• REQUIRED ACTION
Your task is to copy the lines of the data below from the line holding "PFW Chanel - Runway" through the line holding "New 2026 Volvo", inclusive, exactly and with nothing added.

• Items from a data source
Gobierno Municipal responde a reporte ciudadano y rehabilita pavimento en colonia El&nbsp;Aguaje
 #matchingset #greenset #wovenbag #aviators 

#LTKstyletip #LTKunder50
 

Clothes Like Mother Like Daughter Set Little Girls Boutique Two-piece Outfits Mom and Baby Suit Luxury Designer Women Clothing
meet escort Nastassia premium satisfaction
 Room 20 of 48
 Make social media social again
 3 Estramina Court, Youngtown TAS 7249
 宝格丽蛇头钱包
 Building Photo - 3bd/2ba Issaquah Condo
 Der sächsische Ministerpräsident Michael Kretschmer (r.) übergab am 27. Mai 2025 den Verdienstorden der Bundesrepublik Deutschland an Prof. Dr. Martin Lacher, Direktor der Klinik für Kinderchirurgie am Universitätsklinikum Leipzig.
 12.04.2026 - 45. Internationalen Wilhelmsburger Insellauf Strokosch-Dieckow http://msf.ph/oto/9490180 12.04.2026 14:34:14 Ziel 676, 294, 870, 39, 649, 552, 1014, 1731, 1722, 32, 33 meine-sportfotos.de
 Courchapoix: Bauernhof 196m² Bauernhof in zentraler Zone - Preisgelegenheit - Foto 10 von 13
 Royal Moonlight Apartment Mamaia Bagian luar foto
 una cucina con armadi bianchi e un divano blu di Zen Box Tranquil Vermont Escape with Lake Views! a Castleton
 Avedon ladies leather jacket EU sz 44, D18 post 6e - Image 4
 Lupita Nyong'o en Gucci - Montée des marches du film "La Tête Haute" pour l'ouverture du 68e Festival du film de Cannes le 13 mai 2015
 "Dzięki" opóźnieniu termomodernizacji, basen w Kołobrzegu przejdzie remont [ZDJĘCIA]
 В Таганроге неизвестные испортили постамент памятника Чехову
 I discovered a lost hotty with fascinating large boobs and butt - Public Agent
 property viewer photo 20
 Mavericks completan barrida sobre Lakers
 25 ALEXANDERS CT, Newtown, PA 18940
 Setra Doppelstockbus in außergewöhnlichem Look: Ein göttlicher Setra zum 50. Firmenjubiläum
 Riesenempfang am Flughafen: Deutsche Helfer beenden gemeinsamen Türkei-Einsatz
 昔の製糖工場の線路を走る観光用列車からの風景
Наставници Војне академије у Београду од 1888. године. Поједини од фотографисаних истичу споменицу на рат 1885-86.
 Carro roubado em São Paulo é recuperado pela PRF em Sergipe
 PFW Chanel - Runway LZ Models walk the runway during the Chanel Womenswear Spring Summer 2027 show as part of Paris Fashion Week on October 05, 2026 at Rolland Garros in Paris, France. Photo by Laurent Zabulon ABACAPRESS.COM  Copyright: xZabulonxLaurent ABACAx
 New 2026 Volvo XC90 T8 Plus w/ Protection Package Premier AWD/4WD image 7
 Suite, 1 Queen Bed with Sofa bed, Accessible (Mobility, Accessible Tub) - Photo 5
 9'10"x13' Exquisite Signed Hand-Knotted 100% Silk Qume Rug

• TASK OUTPUT
 PFW Chanel - Runway LZ Models walk the runway during the Chanel Womenswear Spring Summer 2027 show as part of Paris Fashion Week on October 05, 2026 at Rolland Garros in Paris, France. Photo by Laurent Zabulon ABACAPRESS.COM  Copyright: xZabulonxLaurent ABACAx
 New 2026 Volvo XC90 T8 Plus w/ Protection Package Premier AWD/4WD image 7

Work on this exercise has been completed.